Recorded data:
-=-=-

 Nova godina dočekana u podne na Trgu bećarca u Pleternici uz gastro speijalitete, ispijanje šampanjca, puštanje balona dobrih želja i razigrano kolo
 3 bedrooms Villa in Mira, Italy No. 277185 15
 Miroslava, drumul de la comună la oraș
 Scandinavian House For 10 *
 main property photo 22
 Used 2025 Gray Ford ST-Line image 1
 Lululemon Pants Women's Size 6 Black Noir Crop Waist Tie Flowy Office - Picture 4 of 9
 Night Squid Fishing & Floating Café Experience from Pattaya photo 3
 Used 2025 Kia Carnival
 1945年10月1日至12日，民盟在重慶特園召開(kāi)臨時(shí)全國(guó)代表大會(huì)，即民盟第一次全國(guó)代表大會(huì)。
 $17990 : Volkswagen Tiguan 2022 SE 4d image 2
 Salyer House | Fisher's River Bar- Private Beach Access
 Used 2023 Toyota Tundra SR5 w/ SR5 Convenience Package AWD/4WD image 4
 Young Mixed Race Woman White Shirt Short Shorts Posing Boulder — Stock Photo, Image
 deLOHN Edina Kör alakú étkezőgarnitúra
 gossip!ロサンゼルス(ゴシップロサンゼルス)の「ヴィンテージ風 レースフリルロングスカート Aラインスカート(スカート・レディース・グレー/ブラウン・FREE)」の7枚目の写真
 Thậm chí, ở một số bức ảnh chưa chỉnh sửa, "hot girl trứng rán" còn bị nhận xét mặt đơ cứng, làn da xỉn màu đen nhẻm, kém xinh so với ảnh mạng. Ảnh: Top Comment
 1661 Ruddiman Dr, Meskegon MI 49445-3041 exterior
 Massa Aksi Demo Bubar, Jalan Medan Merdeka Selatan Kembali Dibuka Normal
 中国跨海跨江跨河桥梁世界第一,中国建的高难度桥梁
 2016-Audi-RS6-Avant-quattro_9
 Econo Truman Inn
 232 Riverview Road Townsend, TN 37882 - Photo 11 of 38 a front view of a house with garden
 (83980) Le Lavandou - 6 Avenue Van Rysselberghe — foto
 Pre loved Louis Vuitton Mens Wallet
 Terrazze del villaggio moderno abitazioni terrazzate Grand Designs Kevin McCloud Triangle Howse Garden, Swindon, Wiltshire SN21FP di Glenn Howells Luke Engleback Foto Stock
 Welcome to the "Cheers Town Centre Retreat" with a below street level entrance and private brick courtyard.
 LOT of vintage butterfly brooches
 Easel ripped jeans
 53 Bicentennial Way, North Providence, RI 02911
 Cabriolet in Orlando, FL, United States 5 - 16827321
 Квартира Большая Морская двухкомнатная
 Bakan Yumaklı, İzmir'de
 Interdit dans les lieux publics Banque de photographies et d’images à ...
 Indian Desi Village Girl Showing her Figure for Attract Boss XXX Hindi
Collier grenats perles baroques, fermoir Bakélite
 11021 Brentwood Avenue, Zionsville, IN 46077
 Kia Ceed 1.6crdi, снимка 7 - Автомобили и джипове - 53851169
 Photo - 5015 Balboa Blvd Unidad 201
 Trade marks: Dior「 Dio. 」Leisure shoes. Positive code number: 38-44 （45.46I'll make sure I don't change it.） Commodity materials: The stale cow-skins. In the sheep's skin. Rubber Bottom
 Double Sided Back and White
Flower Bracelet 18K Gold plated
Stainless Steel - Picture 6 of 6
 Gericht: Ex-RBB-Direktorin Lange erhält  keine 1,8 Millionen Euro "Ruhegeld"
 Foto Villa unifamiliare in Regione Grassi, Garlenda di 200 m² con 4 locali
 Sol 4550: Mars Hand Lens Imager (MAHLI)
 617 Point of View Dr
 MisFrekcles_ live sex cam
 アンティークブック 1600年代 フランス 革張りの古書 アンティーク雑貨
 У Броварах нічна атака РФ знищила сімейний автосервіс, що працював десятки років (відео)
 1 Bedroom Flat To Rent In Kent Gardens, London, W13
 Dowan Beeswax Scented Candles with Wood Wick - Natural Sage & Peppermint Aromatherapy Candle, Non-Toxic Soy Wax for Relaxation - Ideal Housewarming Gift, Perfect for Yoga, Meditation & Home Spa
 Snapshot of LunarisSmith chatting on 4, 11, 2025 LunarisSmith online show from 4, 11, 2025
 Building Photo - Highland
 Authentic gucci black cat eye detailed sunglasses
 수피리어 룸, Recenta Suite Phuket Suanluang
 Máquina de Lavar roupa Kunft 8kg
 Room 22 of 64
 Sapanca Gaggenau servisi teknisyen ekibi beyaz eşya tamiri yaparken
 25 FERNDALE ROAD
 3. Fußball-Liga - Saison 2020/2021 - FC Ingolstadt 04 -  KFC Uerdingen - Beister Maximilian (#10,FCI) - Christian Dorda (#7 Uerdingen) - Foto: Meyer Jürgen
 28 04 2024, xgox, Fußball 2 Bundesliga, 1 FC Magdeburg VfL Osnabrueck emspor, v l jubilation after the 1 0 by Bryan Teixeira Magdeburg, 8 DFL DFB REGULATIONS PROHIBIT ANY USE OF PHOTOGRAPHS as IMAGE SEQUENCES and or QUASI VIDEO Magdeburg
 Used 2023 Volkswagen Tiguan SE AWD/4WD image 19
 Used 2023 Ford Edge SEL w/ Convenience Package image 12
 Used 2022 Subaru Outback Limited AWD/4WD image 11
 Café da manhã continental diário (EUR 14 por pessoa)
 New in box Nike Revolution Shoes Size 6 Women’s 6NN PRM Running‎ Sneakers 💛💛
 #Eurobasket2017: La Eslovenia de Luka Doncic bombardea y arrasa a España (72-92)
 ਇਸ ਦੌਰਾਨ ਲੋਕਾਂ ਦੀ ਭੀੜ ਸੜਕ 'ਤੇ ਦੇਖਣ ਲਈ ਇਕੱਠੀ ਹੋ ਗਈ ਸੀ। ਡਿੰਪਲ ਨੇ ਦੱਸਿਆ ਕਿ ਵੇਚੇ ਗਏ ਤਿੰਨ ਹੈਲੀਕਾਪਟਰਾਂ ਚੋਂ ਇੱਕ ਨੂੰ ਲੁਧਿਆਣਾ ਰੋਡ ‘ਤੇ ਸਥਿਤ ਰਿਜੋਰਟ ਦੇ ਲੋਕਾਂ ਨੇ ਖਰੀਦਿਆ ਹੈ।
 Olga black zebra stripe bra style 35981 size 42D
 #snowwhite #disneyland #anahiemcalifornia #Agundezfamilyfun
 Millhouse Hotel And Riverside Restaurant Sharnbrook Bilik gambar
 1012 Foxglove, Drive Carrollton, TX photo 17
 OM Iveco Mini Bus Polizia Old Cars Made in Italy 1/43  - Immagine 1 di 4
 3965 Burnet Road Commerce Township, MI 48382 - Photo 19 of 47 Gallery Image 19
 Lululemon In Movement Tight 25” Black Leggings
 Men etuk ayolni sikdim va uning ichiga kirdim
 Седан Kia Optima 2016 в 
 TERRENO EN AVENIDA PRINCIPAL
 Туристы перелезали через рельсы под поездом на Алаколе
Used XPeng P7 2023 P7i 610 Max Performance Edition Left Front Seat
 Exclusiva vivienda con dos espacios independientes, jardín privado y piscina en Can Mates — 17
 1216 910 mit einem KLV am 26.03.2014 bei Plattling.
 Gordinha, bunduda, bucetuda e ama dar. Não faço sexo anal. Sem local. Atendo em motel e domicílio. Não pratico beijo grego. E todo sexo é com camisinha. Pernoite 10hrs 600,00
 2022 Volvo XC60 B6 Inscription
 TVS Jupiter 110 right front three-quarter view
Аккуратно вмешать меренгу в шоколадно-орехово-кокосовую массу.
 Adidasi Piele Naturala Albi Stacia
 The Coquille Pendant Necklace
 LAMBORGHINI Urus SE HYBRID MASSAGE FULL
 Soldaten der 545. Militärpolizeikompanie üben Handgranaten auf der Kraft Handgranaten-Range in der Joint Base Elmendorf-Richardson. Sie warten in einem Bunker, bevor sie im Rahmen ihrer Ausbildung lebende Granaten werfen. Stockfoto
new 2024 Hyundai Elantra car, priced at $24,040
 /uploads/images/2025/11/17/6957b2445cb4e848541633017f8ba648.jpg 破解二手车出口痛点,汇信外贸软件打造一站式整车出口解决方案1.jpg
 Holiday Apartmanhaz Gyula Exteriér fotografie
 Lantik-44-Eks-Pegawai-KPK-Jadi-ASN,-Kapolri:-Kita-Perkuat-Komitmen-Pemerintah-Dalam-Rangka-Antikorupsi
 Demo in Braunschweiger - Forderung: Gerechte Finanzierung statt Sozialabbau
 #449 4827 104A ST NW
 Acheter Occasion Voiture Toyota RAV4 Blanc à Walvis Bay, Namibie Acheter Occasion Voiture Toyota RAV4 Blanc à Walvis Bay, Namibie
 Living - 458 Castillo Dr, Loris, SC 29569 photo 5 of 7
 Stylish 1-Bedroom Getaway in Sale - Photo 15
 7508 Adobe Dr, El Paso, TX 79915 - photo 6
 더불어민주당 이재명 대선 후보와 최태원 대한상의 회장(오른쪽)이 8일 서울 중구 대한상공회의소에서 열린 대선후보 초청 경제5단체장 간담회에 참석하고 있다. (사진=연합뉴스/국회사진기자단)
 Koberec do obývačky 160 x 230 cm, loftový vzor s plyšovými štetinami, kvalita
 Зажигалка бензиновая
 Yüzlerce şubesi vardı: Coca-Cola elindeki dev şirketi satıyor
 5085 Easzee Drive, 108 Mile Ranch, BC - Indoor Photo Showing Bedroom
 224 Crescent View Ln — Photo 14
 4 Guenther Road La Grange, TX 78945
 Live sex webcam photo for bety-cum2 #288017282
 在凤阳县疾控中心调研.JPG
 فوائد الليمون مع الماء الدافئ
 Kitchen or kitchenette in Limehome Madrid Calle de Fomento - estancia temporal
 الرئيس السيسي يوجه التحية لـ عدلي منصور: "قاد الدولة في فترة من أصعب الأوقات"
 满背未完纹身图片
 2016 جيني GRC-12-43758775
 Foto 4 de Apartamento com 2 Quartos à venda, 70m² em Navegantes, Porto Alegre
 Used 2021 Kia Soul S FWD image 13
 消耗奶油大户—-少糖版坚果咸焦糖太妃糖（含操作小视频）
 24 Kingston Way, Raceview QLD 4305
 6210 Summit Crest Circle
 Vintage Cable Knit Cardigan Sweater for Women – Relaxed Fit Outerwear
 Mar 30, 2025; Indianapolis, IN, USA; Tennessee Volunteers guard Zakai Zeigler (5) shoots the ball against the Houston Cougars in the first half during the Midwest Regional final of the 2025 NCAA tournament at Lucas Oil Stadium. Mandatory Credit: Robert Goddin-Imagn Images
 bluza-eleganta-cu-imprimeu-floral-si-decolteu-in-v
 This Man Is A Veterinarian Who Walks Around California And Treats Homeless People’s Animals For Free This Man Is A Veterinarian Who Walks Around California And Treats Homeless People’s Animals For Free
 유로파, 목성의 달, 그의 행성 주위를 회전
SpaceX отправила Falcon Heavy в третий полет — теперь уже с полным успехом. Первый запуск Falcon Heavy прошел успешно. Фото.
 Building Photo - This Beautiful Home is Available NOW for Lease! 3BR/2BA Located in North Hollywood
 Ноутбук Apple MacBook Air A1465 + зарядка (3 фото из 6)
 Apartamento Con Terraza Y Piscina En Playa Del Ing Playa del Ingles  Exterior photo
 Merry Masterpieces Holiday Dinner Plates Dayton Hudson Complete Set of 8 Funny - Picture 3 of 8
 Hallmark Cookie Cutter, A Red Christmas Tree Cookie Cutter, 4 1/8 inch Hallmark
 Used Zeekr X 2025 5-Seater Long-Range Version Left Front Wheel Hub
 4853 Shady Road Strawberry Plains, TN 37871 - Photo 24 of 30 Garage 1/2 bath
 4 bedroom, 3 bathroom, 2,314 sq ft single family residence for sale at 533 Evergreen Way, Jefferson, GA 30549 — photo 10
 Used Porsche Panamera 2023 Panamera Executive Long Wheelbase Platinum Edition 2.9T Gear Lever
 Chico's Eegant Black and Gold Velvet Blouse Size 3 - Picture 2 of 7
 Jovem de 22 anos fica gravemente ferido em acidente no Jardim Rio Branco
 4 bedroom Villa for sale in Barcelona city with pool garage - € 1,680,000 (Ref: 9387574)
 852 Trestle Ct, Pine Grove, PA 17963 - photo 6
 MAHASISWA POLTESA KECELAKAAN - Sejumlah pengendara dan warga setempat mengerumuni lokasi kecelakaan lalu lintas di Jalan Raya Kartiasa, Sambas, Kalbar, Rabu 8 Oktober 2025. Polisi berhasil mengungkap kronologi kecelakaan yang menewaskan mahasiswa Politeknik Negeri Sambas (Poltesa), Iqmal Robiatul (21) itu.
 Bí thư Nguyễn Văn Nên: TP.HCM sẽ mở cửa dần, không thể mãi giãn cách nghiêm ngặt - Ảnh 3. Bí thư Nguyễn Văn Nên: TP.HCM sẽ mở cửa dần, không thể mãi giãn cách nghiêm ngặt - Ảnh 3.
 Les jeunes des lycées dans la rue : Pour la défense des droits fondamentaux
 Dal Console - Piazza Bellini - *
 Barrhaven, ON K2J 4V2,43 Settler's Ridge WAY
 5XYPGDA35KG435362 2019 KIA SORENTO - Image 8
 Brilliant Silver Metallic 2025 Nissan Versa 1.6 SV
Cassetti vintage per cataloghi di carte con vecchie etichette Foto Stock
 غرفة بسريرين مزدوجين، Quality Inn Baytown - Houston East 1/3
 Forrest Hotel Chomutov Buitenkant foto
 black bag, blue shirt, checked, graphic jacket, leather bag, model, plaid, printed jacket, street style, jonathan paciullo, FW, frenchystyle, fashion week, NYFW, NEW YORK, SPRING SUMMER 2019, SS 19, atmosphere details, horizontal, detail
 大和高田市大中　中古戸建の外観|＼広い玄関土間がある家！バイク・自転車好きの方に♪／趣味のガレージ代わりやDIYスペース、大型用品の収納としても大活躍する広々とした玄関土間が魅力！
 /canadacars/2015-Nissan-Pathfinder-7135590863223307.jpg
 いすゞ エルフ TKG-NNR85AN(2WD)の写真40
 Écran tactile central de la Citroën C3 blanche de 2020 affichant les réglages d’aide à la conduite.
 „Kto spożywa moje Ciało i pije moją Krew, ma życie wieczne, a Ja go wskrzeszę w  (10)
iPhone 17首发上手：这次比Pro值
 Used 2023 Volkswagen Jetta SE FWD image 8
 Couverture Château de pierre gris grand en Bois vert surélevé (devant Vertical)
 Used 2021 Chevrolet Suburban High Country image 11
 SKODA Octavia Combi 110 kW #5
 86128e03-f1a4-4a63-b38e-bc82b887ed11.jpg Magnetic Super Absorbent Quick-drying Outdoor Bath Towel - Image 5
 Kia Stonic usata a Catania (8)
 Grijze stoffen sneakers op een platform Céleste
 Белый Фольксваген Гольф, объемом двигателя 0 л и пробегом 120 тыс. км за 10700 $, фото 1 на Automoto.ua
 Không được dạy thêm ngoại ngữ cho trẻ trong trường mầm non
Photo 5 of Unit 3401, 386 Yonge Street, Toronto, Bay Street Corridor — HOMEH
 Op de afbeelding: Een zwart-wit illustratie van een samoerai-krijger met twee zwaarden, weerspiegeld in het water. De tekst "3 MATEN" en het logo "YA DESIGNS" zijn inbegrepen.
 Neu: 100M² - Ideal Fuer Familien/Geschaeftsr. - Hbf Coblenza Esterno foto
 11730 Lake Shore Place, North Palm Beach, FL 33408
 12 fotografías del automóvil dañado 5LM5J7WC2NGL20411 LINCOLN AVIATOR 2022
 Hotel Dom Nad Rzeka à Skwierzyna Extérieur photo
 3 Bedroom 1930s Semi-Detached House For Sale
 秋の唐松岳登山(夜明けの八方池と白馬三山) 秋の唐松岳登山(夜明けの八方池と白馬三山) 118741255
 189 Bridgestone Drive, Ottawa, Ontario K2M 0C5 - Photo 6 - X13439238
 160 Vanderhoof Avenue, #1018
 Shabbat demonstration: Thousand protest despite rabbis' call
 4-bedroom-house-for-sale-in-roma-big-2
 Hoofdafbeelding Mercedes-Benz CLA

-=-=-

**WHAT TO WORK ON**
Set down exactly what runs from the line with "160 Vanderhoof Avenue, #1018" to the last line of the data above, including both of those lines and no others.

**EXPECTED OUTPUT**
 160 Vanderhoof Avenue, #1018
 Shabbat demonstration: Thousand protest despite rabbis' call
 4-bedroom-house-for-sale-in-roma-big-2
 Hoofdafbeelding Mercedes-Benz CLA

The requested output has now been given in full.